▸ Provided data
+ + + + +

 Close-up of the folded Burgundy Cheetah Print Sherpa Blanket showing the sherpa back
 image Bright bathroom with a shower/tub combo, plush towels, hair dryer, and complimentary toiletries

+ + + + +

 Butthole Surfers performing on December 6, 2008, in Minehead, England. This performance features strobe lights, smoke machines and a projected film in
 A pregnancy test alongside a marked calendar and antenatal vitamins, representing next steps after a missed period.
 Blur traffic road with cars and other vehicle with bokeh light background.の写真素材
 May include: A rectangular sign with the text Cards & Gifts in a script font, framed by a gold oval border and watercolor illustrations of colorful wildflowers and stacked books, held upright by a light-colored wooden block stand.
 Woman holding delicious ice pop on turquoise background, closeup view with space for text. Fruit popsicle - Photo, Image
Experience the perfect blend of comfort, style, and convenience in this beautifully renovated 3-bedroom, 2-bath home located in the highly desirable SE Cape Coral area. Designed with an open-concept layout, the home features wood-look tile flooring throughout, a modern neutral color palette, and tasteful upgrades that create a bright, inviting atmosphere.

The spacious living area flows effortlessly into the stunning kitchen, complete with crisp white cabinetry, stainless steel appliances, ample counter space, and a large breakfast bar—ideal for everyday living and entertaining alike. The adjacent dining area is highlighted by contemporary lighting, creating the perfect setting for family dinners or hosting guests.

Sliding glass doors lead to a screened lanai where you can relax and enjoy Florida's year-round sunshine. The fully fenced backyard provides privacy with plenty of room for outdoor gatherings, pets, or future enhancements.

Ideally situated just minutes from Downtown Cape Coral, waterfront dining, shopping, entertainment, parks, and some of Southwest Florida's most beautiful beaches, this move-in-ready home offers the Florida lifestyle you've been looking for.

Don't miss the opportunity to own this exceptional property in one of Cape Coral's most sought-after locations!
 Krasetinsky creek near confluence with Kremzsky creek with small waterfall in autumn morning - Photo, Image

+ + + + +

▸ Exercise instructions
Which lines above include the word "after"? Return each one.

▸ Solution to the exercise
 A pregnancy test alongside a marked calendar and antenatal vitamins, representing next steps after a missed period.
Don't miss the opportunity to own this exceptional property in one of Cape Coral's most sought-after locations!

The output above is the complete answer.